Hingga kini, Dian masih terlilit utang pinjol. Dalam satu bulan, dia setidaknya harus membayar cicilan Rp4 juta dari dua platform penyedia pinjaman. Uang itu tidak hanya untuk dirinya, tapi juga untuk biaya kuliah adiknya.
Di sisi lain, semenjak aktif meminjam uang dari layanan pinjol, dia juga mengaku banyak nomor tidak kenal yang menghubunginya. Nomor-nomor tidak dikenal itu berusaha menawarkan paket-paket pinjaman baru. Bahkan, tidak sedikit nomor yang diduga kuat punya niat untuk melakukan penipuan.
Nasib serupa juga dialami oleh Ridho—bukan nama sebenarnya—salah satu mahasiswa di kampus negeri di Solo yang juga pernah mengalami pahitnya terjebak pinjol. Awalnya, dia hanya meminjam uang dengan nilai yang sedikit dari satu aplikasi pinjol.
Namun, karena kendala ekonomi, dia terpaksa membayar tagihan pinjol dengan meminjam uang dari aplikasi yang berbeda, gali lubang tutup lubang. Pada akhirnya dia terjebak meminjam uang secara terus-menerus dari tiga aplikasi berbeda. "Tiap harinya kan kena bunga terus itu kalau terlambat. Kurang lebih Rp15 ribu per hari," ucapnya.
Setidaknya selama empat tahun uang yang dikeluarkan Ridho untuk membayar pinjol tiap bulannya sekitar Rp1,5 juta hingga Rp2 juta. Tak hanya merasakan bunga yang terus naik, dia juga sempat diteror oleh para penagih utang. Selain itu, nomor penjamin yang dia sertakan saat mendaftar pinjol juga diteror.

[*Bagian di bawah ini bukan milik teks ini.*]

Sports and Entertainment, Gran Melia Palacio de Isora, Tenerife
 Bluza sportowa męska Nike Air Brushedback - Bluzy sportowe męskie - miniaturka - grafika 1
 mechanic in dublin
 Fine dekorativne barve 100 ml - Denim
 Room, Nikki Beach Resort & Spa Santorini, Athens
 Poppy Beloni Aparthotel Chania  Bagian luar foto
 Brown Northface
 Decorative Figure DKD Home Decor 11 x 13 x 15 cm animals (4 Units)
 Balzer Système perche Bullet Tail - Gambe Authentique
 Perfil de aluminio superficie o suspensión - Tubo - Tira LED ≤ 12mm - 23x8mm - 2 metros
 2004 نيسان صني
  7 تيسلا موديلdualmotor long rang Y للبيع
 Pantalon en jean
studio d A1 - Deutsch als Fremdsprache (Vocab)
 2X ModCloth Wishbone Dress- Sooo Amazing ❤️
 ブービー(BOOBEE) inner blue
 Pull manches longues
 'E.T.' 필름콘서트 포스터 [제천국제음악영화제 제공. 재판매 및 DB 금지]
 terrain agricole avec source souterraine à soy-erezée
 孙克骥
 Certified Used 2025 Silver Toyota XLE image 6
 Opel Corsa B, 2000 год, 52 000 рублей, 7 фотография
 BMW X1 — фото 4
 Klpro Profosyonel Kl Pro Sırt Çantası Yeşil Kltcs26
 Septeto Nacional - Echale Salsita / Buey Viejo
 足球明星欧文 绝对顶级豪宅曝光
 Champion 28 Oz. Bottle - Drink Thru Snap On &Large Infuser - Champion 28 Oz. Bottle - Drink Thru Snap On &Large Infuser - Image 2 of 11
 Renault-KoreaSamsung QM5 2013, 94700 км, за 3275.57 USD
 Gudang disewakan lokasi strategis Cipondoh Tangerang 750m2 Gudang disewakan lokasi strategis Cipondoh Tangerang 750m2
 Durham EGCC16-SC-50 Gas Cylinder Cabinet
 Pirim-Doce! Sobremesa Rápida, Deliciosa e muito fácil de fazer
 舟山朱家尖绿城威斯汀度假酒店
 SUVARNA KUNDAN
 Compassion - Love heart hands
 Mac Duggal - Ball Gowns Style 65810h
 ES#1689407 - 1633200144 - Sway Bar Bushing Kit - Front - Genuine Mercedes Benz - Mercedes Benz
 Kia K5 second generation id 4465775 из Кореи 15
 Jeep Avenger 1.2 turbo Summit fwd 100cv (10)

Kasus yang dialami oleh dua mahasiswa di atas hanyalah bagian kecil dari kenyataan banyaknya mahasiswa yang terjerat lilitan utang pinjol demi mengejar pendidikan tinggi. Biaya kuliah yang kian mahal kini menjadi permasalahan serius yang dihadapi oleh sebagian besar mahasiswa di Indonesia.
Laporan resmi dari Badan Pusat Statistik (BPS) menyebutkan kenaikan biaya kuliah di Indonesia sulit diimbangi oleh peningkatan gaji masyarakat. Dipaparkan, laju kenaikan biaya kuliah per tahun yakni sekitar 1,3 persen untuk kampus negeri (PTN) dan 6,96 persen untuk kampus swasta (PTS), mengalahkan laju kenaikan pendapatan lulusan SMA yakni 3,8 persen maupun sarjana (2,7 persen).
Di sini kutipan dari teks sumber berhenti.